Effects of α-linolenic acid-enriched diets on gene expression of key inflammatory mediators in immune and milk cells obtained from Holstein dairy cows - Rezamand, Hatch, Carnahan and McGuire - Journal of Dairy Research - February 2016
by Shopify API on January 21, 2019
Summary: Immune system and inflammatory responses are affected by α-linolenic acid (αLA: 18:3 ω-3). The objective of this study was to determine the effects of αLA-enriched rations on gene expression of systemic (blood) and local (mammary gland) inflammatory markers in Holstein dairy cattle. Further, the effect of dietary treatments was evaluated on the concentration of αLA in serum phospholipids. Camelina (Camelina sativa) meal (containing 24·2% αLA) was fed at 0, 3, 6, and 9% (dry matter basis) replacing canola meal (rich in 18:1 ω-9) to provide rations with incremental concentrations of αLA. Lactating primiparous Holstein cows (n = 18) were randomly assigned to a treatment sequence in a 4 × 4 Latin square design. Each period lasted 16 d and milk and blood samples were collected during the final 2 d of each period. Peripheral blood mononuclear cells (PBMC) and milk cells (MC) were harvested, and RNA extracted and converted to complementary DNA for quantitative real time PCR analysis. The effect of dietary treatments (αLA) on the relative abundance of pro- and anti-inflammatory genes in the PBMC and MC was tested by the MIXED procedure of SAS. Expression of pro-inflammatory tumour necrosis factor (TNF)-α in MC was linearly reduced (up to 40%) as dietary αLA increased.
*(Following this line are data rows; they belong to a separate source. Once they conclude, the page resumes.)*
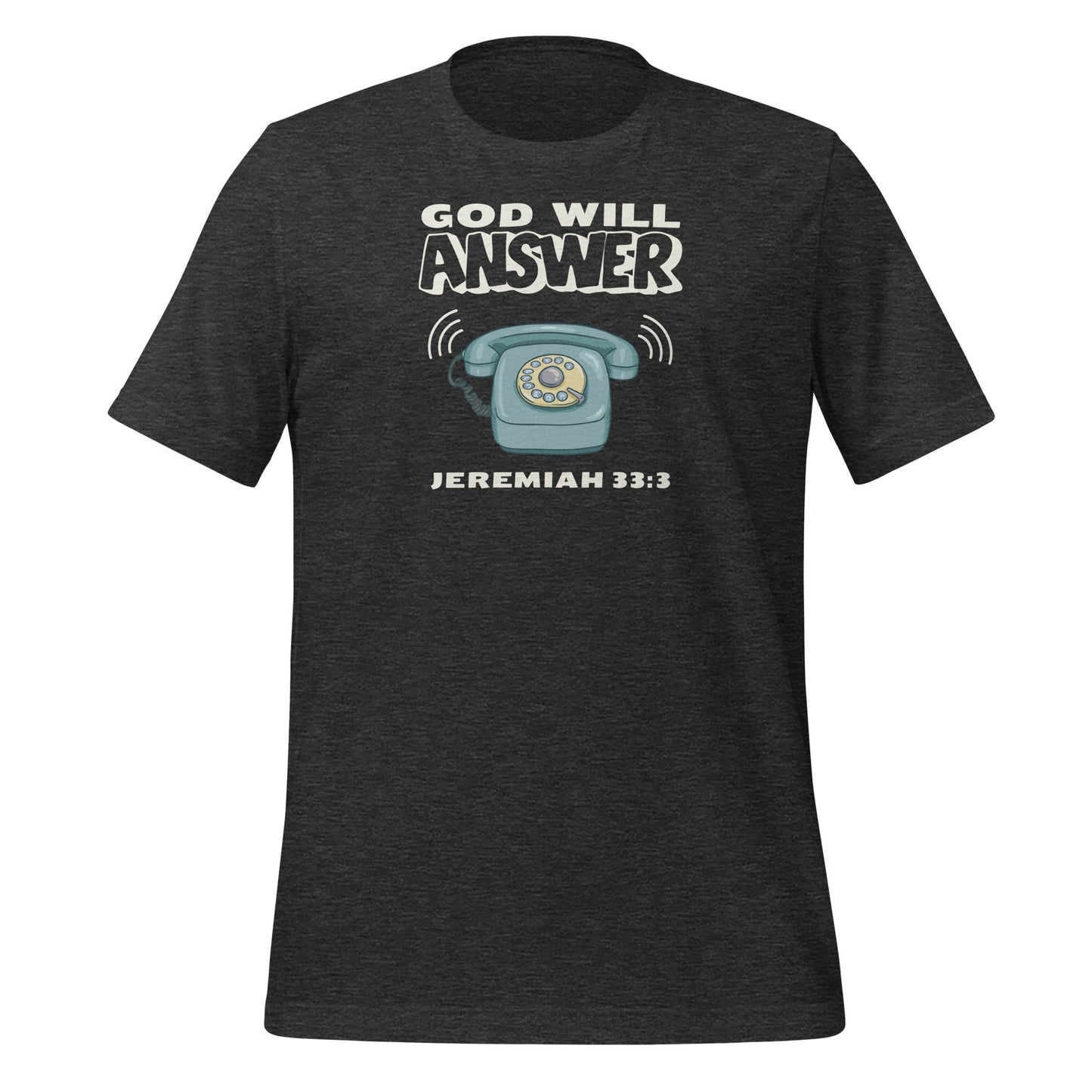 God Will Answer T-Shirt-Dark Grey Heather-XS-Perfect Love Designs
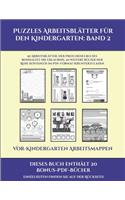Vor-Kindergarten Arbeitsmappen (Puzzles Arbeitsblätter für den Kindergarten: Band 2): 50 Arbeitsblätter. Der Preis dieses Buches beinhaltet die Erlaubnis, 20 weitere Bücher der Reihe kostenlos im PDF-Format herunterzuladen(2 Vor-Kindergarten Arbeitsmappen)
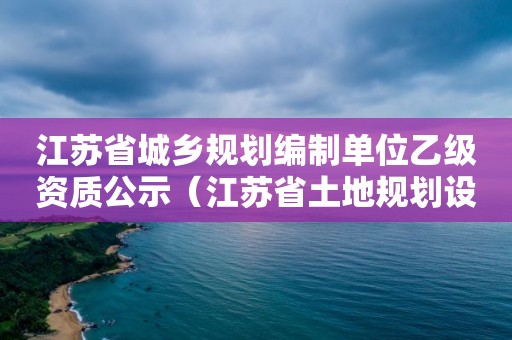 江苏省城乡规划编制单位乙级资质公示（江苏省土地规划设计院）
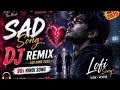Dj ReMix Sad love lofi mix heart broken Mashup slowed reverb Song 💔😭💔😭💔😭💔😭💔
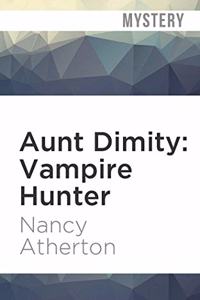 Aunt Dimity: Vampire Hunter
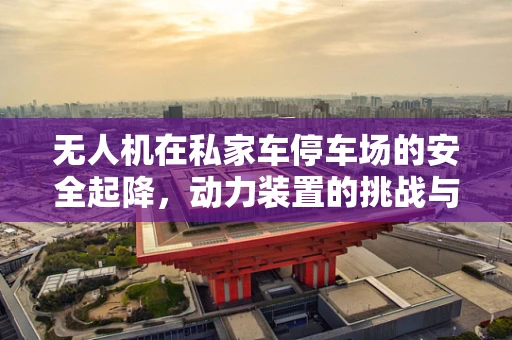 无人机在私家车停车场的安全起降，动力装置的挑战与解决方案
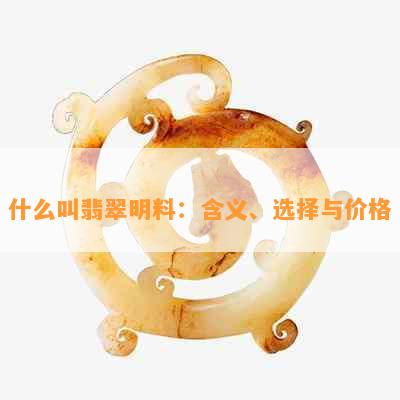 什么叫翡翠明料：含义、选择与价格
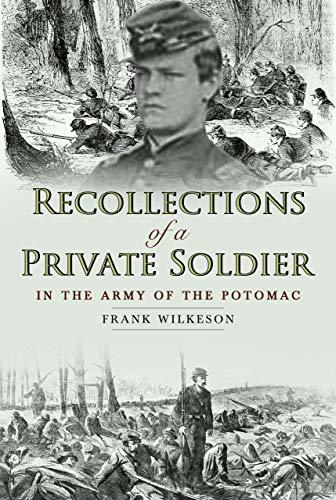 Recollections of a Private Soldier in the Army of the Potomac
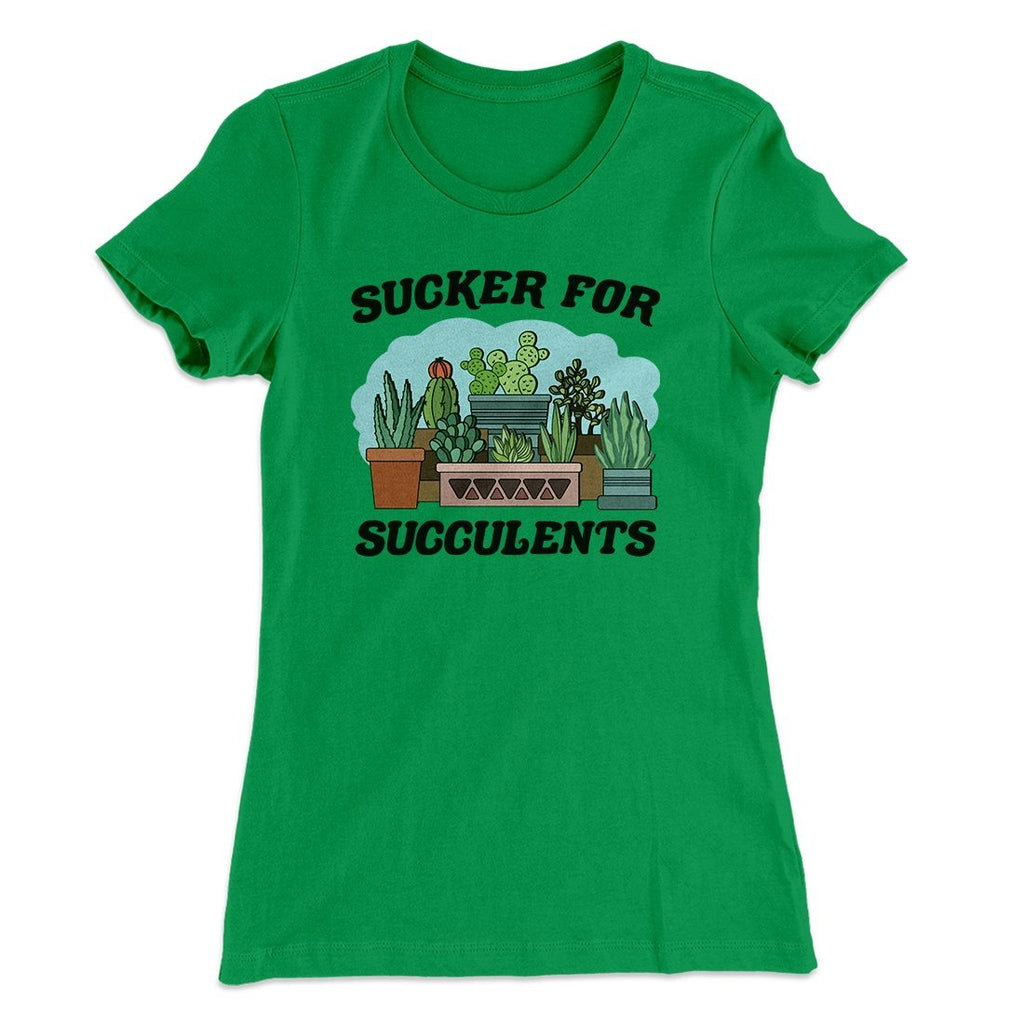 Sucker For Succulents Women's T-Shirt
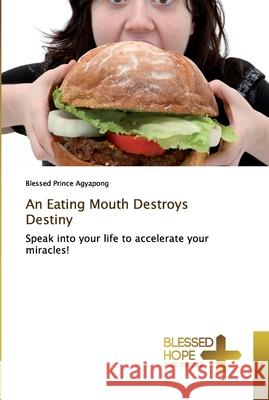 An Eating Mouth Destroys Destiny Agyapong, Blessed Prince 9786137843864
Expression of pro-inflammatory markers interleukin (IL)-1β, IL-8, and TNF-α was reduced (29, 20, and 27%, respectively) in PBMC isolated from cows fed 6% camelina meal ration as compared with cows fed 0% (control). Expression of IL-6 was, however, increased with inclusion of camelina meal. Greater dietary αLA linearly increased serum phospholipids αLA contents, and when fed up to 6% DM down-regulated expression of some of the local (milk) and systemic (blood) pro-inflammatory markers in vivo.